Blog #8: Case

 OPERATION VARSTIY BLUES

    In March 2019, over 50 people were criminally charged with participating in a scheme to gain fraudulent student admissions to elite U.S. universities. At the heart of the scam was a college-counseling consultant named William Rick Singer, who devised corrupt workarounds for anxious, wealthy parents whose children lacked stellar academic credentials that top college required. Rick Singer provided fake athletic credentials, photoshopped applicants’ faces onto action photos of real athletes, payed proctors of standardized tests, and bribed coaches to designate applicants as recruited athletes even though the students did not play the sport. The scandal revealed the secret pathway to college admissions: The “Side Door”. The “side door” was open to Singer’s clients who were willing to pay him huge sums of money (yet less than that of donation) to fake test scores and bribe coaches to gain entry. This mechanism allowed money to override merit. 

    While this news reveals an extreme case where the rich were trying to influence admissions in a clearly illegal way, we know that many rich people have always enjoyed many legal advantages, such as ability to pay for test preparation, private counseling, tutoring etc.
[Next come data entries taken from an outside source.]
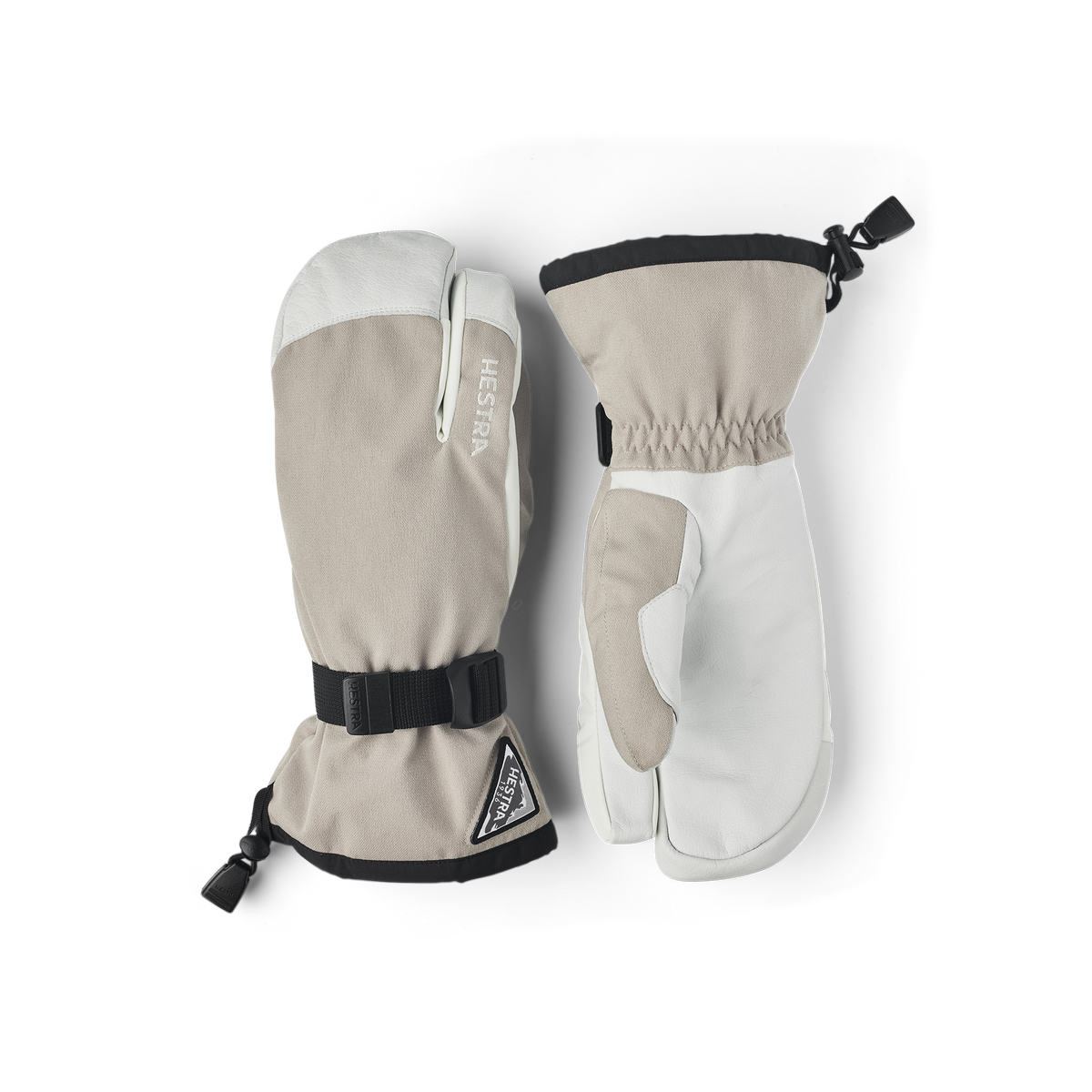 Powder Gauntlet - 3 finger – Hestra Gloves Powder Gauntlet - 3 finger – Hestra Gloves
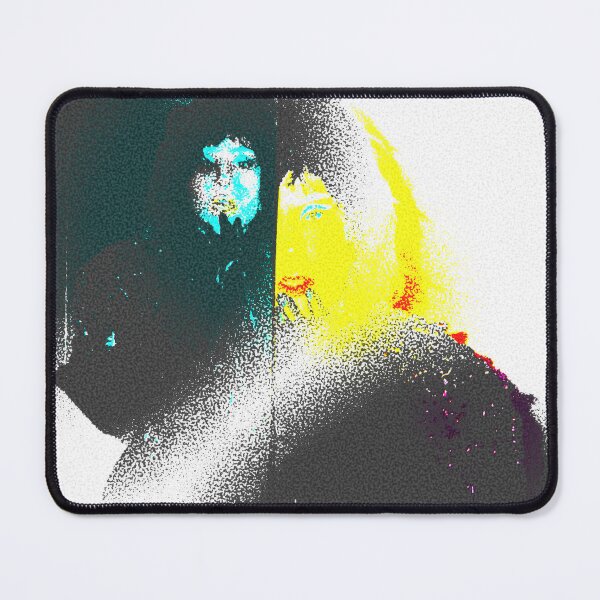 Item preview, Lady Gaga Mayhem half tone distorted image designed and sold by TaylorDelGaga.
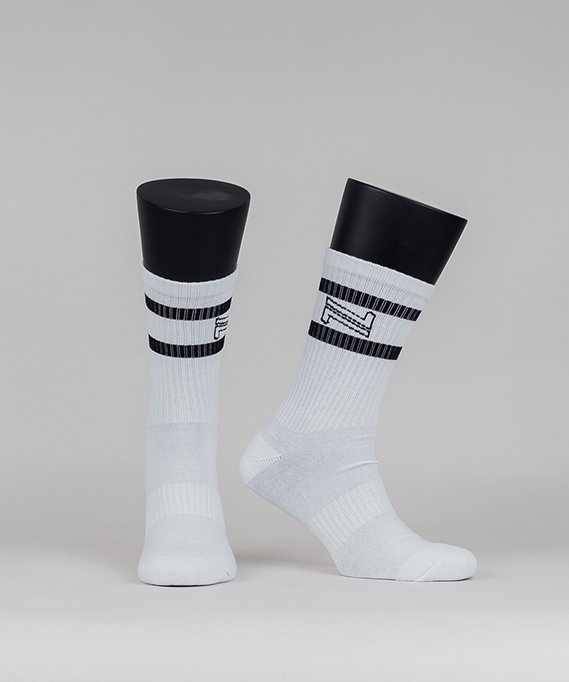 Носки Nordski Outfit White/Black NSV517100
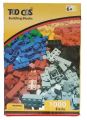 1000 Pieces Building Bricks Lego_Building Blocks for Kids Construction - Compatible with All Major Brands Kids Play Teaching Aid Birthday Gift. 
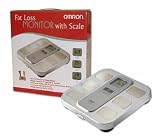 Product details for Omron Model HBF-400 Fat Loss Monitor with Scale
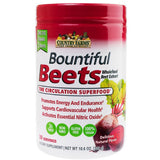 Country Farms  Bountiful Beets Circulation Superfood 10.6 oz (1 Pack)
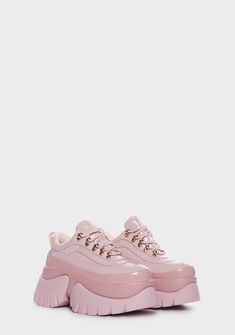 Melanie Martinez Koi Footwear, Melanie Martinez Shoes Koi, Melanie Martinez Sweetheart Shoes, Melanie Martinez Shoes, Pink Chunky Sneakers For Streetwear, Chunky Pastel Sneakers, Kawaii Chunky Sneakers, Melanie Martinez Inspired Outfits, Pop Shoes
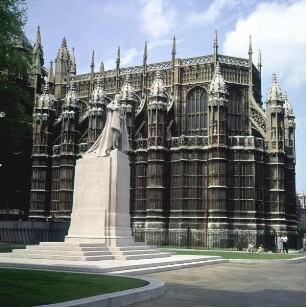 Westminster Abbey — Henry VII's Chapel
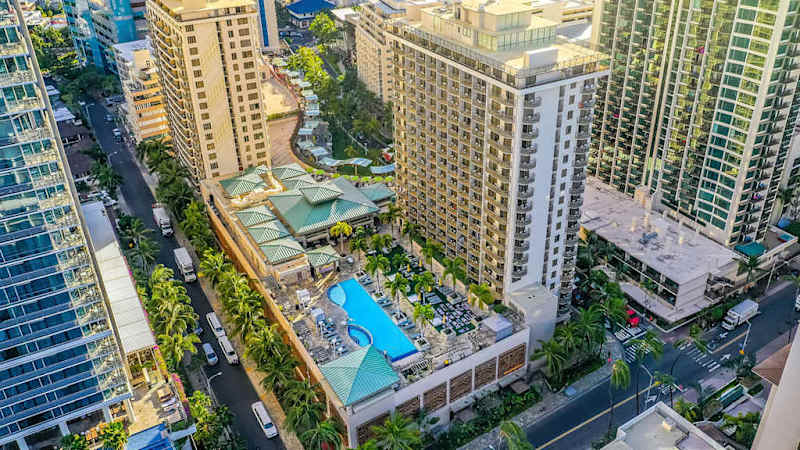 Embassy Suites by Hilton Waikiki Beach Walk - Honolulu
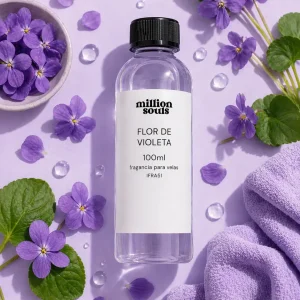 Fragancia de Flor de Violeta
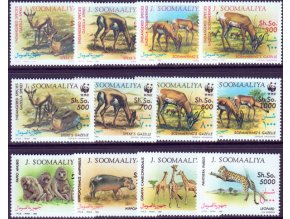 Somalsko 0432 0443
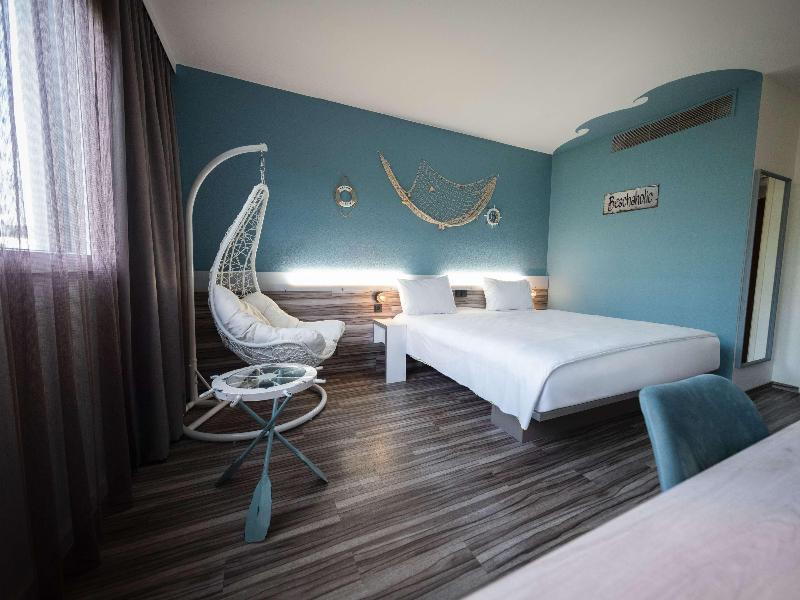 Ibis Styles Linz - Oda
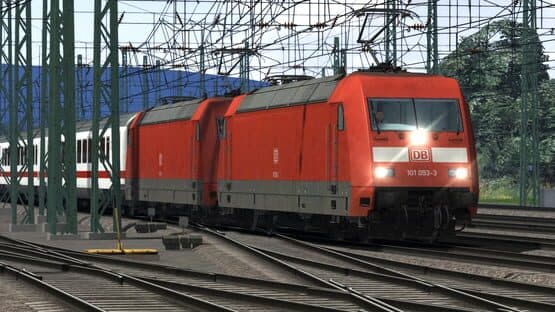 Train Simulator: DB BR 101 Loco Add-On — screenshot 8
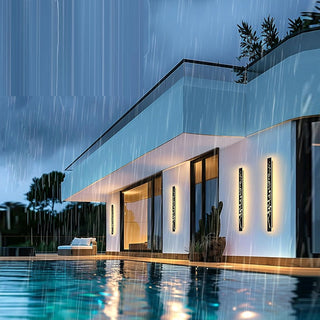 Dilwen - Waterproof Long Outdoor Light Bar IP65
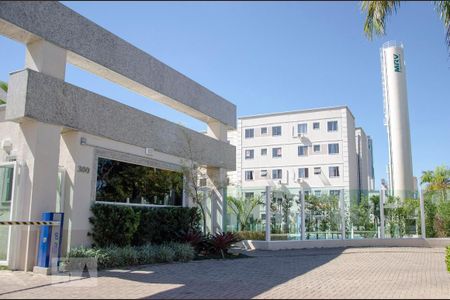 Apartamento à venda com 42m², 2 quartos e 1 vagaFachada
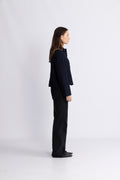 Abriella Jacket - Sky Captain
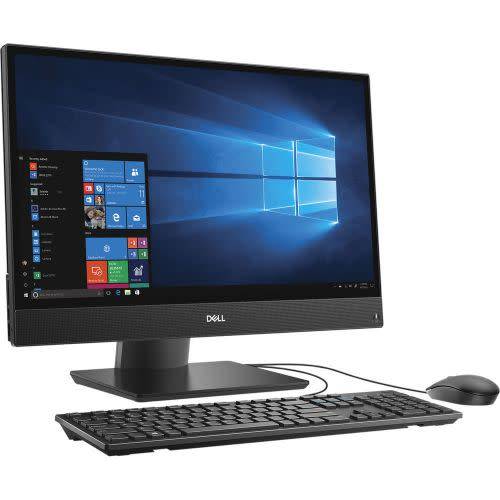 Dell Optiplex 5260 All-In-One Desktop PC - 6-core Core i5, 16GB RAM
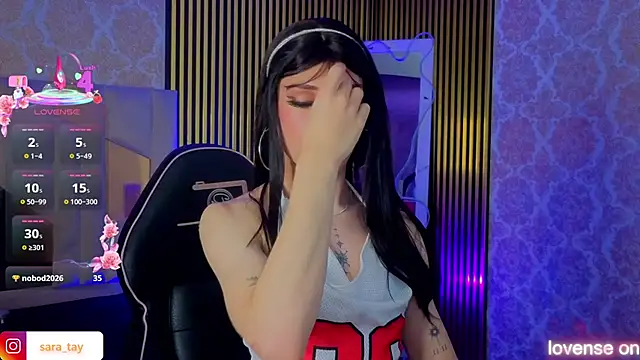 boyfox tay online show from June 2026 04:13:02 AM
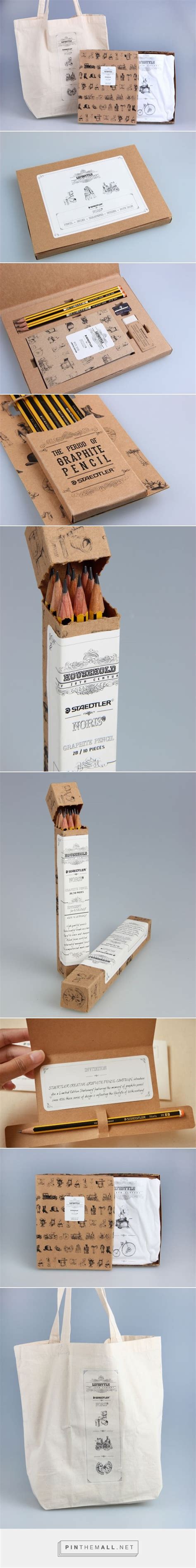 Staedtler Limited Edition Packaging Packaging Labels Brand Packaging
Moreover, the case of Operation Varsity Blues also sheds light on the commodification of higher education, in which higher education has become something that you purchase like a product. Prestige and status have become the most important factor when selecting colleges; gaining admission to elite universities became the goal itself rather than the goal being to experience and get an education. The fetishization of rankings, particularly publicized by the U.S. News & World Report, has also contributed to equating elite universities with success. 



Works Cited

David Hawkins. “OPERATION VARSITY BLUES: Where We Are Now.” Journal of College Admission, no. 244, National Association of College Admissions Counselors, 2019, p. 15.


Sandel, Michael J. Tyranny of Merit: What's Become of the Common Good?. Penguin Books, 2020.